> **Input data**
○ ○ ○ ○
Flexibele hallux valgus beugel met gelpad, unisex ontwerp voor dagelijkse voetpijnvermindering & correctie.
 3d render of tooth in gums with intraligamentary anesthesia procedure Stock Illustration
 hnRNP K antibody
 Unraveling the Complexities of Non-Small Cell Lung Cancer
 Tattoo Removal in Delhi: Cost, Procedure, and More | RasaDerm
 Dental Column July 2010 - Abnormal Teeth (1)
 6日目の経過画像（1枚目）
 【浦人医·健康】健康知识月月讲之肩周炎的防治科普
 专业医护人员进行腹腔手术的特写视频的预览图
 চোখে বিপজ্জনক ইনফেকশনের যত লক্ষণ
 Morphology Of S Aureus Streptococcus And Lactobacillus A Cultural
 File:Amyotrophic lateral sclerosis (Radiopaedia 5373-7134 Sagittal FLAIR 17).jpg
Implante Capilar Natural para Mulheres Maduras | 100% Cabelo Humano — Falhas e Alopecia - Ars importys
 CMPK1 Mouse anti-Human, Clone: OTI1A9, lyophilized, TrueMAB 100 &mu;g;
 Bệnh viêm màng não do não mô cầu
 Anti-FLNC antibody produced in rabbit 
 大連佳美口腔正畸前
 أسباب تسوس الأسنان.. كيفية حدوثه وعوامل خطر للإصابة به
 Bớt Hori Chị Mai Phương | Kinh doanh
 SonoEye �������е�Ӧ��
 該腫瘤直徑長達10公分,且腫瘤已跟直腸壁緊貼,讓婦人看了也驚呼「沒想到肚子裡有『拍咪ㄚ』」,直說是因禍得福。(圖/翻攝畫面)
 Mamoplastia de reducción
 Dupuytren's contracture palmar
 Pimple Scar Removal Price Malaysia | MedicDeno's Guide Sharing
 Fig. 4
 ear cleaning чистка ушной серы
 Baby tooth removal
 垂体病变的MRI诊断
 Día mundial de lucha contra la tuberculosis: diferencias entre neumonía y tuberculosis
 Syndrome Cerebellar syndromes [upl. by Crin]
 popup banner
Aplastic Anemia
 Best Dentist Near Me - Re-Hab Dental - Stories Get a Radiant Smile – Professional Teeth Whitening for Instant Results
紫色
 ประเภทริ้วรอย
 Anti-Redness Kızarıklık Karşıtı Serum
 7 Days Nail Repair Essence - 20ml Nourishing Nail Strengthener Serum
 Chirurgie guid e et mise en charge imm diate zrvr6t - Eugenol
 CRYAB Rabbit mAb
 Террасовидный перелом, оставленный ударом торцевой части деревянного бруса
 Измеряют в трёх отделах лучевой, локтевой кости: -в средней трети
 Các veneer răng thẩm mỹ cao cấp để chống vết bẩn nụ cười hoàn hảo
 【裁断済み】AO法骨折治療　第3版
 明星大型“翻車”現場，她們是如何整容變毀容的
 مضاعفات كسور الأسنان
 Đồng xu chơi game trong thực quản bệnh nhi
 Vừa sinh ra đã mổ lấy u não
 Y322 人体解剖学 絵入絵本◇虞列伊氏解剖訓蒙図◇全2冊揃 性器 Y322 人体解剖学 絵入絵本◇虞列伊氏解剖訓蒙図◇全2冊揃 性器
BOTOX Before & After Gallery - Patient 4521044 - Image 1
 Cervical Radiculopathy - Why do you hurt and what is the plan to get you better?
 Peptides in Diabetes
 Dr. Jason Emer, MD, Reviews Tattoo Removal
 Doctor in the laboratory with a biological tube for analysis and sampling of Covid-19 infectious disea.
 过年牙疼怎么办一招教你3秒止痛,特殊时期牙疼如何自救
○ ○ ○ ○
> **Task directions**
Output each line of the entries exactly, so that nothing is lost.

> **Solution to this problem**
Flexibele hallux valgus beugel met gelpad, unisex ontwerp voor dagelijkse voetpijnvermindering & correctie.
 3d render of tooth in gums with intraligamentary anesthesia procedure Stock Illustration
 hnRNP K antibody
 Unraveling the Complexities of Non-Small Cell Lung Cancer
 Tattoo Removal in Delhi: Cost, Procedure, and More | RasaDerm
 Dental Column July 2010 - Abnormal Teeth (1)
 6日目の経過画像（1枚目）
 【浦人医·健康】健康知识月月讲之肩周炎的防治科普
 专业医护人员进行腹腔手术的特写视频的预览图
 চোখে বিপজ্জনক ইনফেকশনের যত লক্ষণ
 Morphology Of S Aureus Streptococcus And Lactobacillus A Cultural
 File:Amyotrophic lateral sclerosis (Radiopaedia 5373-7134 Sagittal FLAIR 17).jpg
Implante Capilar Natural para Mulheres Maduras | 100% Cabelo Humano — Falhas e Alopecia - Ars importys
 CMPK1 Mouse anti-Human, Clone: OTI1A9, lyophilized, TrueMAB 100 &mu;g;
 Bệnh viêm màng não do não mô cầu
 Anti-FLNC antibody produced in rabbit 
 大連佳美口腔正畸前
 أسباب تسوس الأسنان.. كيفية حدوثه وعوامل خطر للإصابة به
 Bớt Hori Chị Mai Phương | Kinh doanh
 SonoEye �������е�Ӧ��
 該腫瘤直徑長達10公分,且腫瘤已跟直腸壁緊貼,讓婦人看了也驚呼「沒想到肚子裡有『拍咪ㄚ』」,直說是因禍得福。(圖/翻攝畫面)
 Mamoplastia de reducción
 Dupuytren's contracture palmar
 Pimple Scar Removal Price Malaysia | MedicDeno's Guide Sharing
 Fig. 4
 ear cleaning чистка ушной серы
 Baby tooth removal
 垂体病变的MRI诊断
 Día mundial de lucha contra la tuberculosis: diferencias entre neumonía y tuberculosis
 Syndrome Cerebellar syndromes [upl. by Crin]
 popup banner
Aplastic Anemia
 Best Dentist Near Me - Re-Hab Dental - Stories Get a Radiant Smile – Professional Teeth Whitening for Instant Results
紫色
 ประเภทริ้วรอย
 Anti-Redness Kızarıklık Karşıtı Serum
 7 Days Nail Repair Essence - 20ml Nourishing Nail Strengthener Serum
 Chirurgie guid e et mise en charge imm diate zrvr6t - Eugenol
 CRYAB Rabbit mAb
 Террасовидный перелом, оставленный ударом торцевой части деревянного бруса
 Измеряют в трёх отделах лучевой, локтевой кости: -в средней трети
 Các veneer răng thẩm mỹ cao cấp để chống vết bẩn nụ cười hoàn hảo
 【裁断済み】AO法骨折治療　第3版
 明星大型“翻車”現場，她們是如何整容變毀容的
 مضاعفات كسور الأسنان
 Đồng xu chơi game trong thực quản bệnh nhi
 Vừa sinh ra đã mổ lấy u não
 Y322 人体解剖学 絵入絵本◇虞列伊氏解剖訓蒙図◇全2冊揃 性器 Y322 人体解剖学 絵入絵本◇虞列伊氏解剖訓蒙図◇全2冊揃 性器
BOTOX Before & After Gallery - Patient 4521044 - Image 1
 Cervical Radiculopathy - Why do you hurt and what is the plan to get you better?
 Peptides in Diabetes
 Dr. Jason Emer, MD, Reviews Tattoo Removal
 Doctor in the laboratory with a biological tube for analysis and sampling of Covid-19 infectious disea.
 过年牙疼怎么办一招教你3秒止痛,特殊时期牙疼如何自救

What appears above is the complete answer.